The communications watchdog hit Optus with a $504,000 fine for spamming consumers who had unsubscribed from the telco's texts and emails.
It's the second-largest fine ever issued by the Australian Communications and Media Authority, with the largest being a $510,000 fine paid by Telstra in 2014.
The authority's chair Nerida O'Loughlin said on Friday marketers needed to respect people's wishes to unsubscribe.
Optus was also caught sending people fake bills with no options to unsubscribe.
"Australians find spam infuriating and as a regulator it is something we are actively cracking down on," Ms O'Loughlin said.
"(The fine) reflects the seriousness of breaches made by Optus and its failure to honour its customers' wishes."
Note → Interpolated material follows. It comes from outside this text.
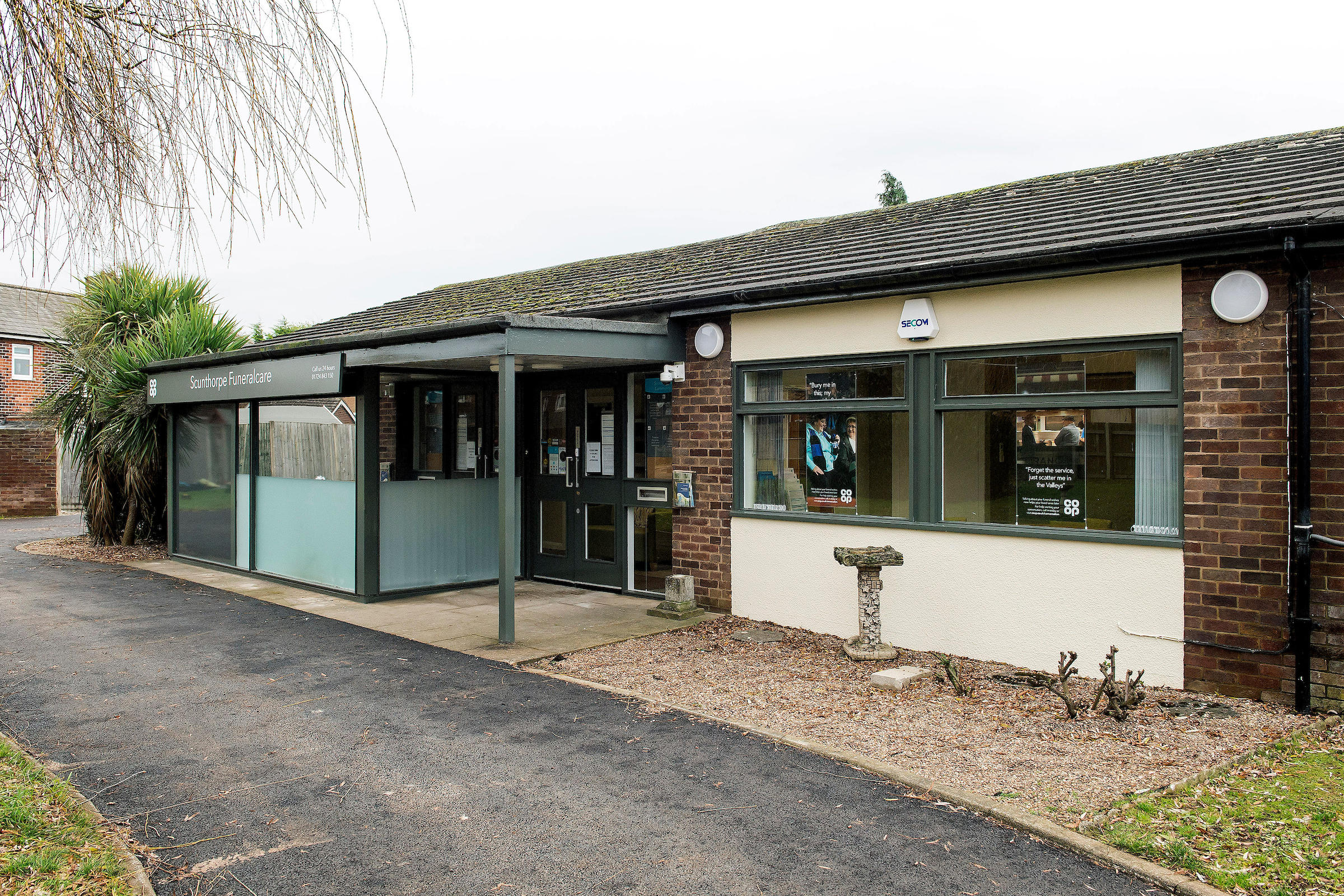 Images Co-op Funeralcare, Bottesford Road, Scunthorpe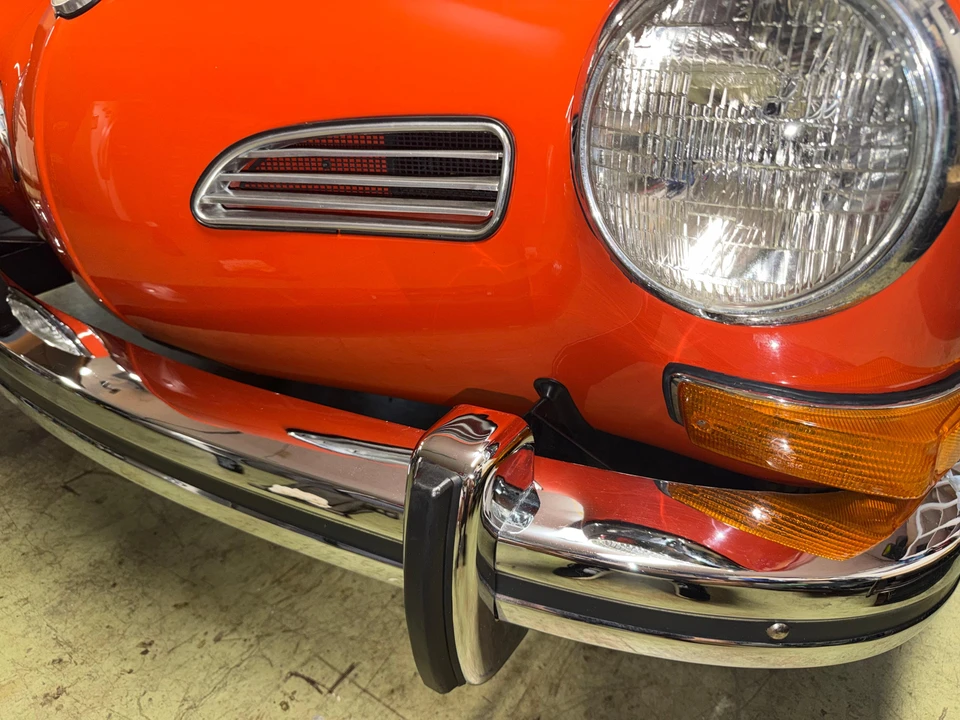1972 Volkswagen Karmann Ghia Type 14 - Image 30 of 31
The telco will also appoint an independent consultant to make sure it was complying with spam laws.
Ms O'Loughlin said the authority would be watching and could take Optus to court if it did not comply.
Optus regulatory vice president Andrew Sheridan acknowledged the authority's actions and apologised to customers "who received the messages in error".
"We have committed to putting in place enhanced practices and systems to tighten the management of our marketing communications," he said.
The watchdog has raked in more than $1 million in fines over the last 18 months due to the breaking of spam and telemarketing laws.
Telstra's 2014 fine was for failing to connect customers with phone lines on time.
Corporate offenders caught repeatedly breaking spam laws could face penalties of up to $2.1 million a day, the authority said.